• The GBPUSD pair remains in a strong downtrend with a chance of a short-term rally.


  • The Fed left interest rates unchanged as expected at the last meeting.
  • The macroeconomic projections were revised higher as the economy showed much stronger resilience than expected and the Dot Plot showed that the majority of members still expects another rate hike by the end of the year with less rate cuts in 2024.
  • Fed Chair Powell reaffirmed their data dependency but added that they will proceed carefully as they are trying to find the optimal level of rates. Powell also added that the soft landing is not the base case at the moment, although they are aiming for it.
  • The latest US Core PCE came in line with expectations with disinflation continuing steady.
  • The labour market displayed signs of softening although it remains fairly solid as seen also last week with a strong beat in Jobless Claims and this week with the beat in Job Openings.
  • The ISM Manufacturing PMI beat expectations while the ISM Services PMI came in line with forecasts in another sign that the US economy remains resilient.
  • The miss in the ADP report yesterday led to some USD weakness which might continue if the data in the next couple of days misses as well.
  • The market doesn’t expect the Fed to hike again at the moment.
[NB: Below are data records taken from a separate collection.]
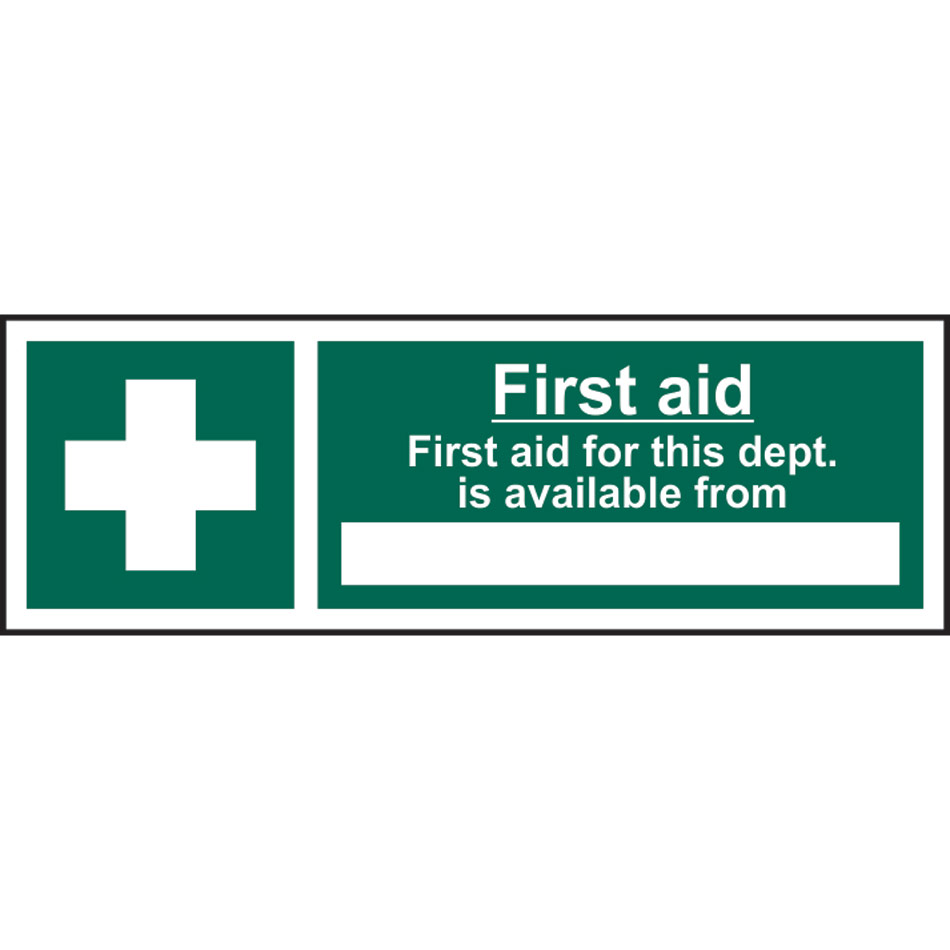 First aid First aid for this department is available from _____ - SAV (300 x 100mm)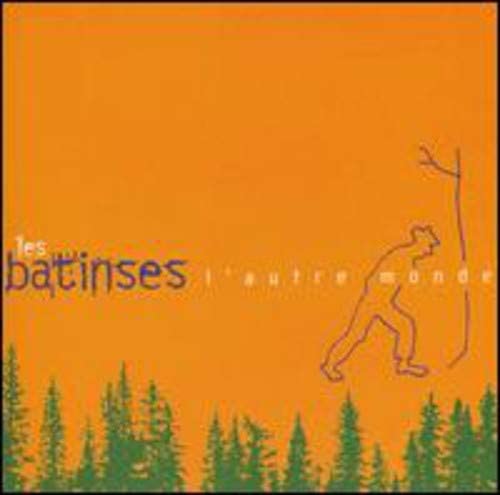 L'Autre Monde [Audio CD] Les Batinses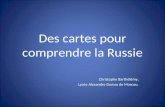 Des cartes pour comprendre la Russie Christophe Barthélémy, Lycée Alexandre Dumas de Moscou.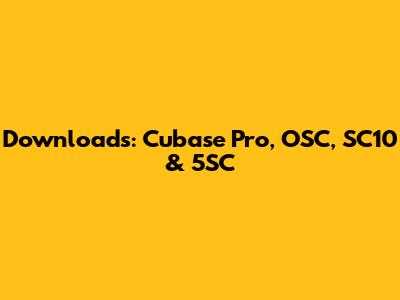 Downloads: Cubase Pro, OSC, SC10 & 5SC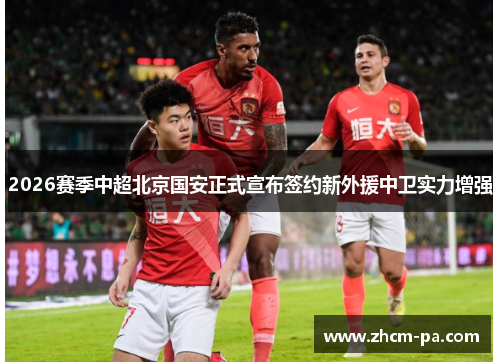 2026赛季中超北京国安正式宣布签约新外援中卫实力增强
  • The BoE kept interest rates unchanged at the last meeting.
  • The central bank is leaning more towards keeping interest rates “higher for longer” but it kept a door open for further tightening if inflationary pressures were to be more persistent.
  • Key economic data like the latest employment report showed a very high wage growth despite the rising unemployment rate, but the latest UK CPI missed expectations across the board.
  • The latest UK PMIs showed further contraction, especially in the Services sector.
  • The market doesn’t expect the BoE to hike anymore.

GBPUSD Technical Analysis – Daily Timeframe

On the daily chart, we can see that the GBPUSD pair pulled back yesterday into the blue 8 moving average where it’s finding some resistance. From a risk management perspective, the sellers would have a much better risk to reward setup if the price pulled back all the way up to the 1.2398 resistance where we can find the confluence with the trendline, the 38.2% Fibonacci retracement level and the red 21 moving average. The buyers, on the other hand, will need the price to break above the trendline to turn the trend around.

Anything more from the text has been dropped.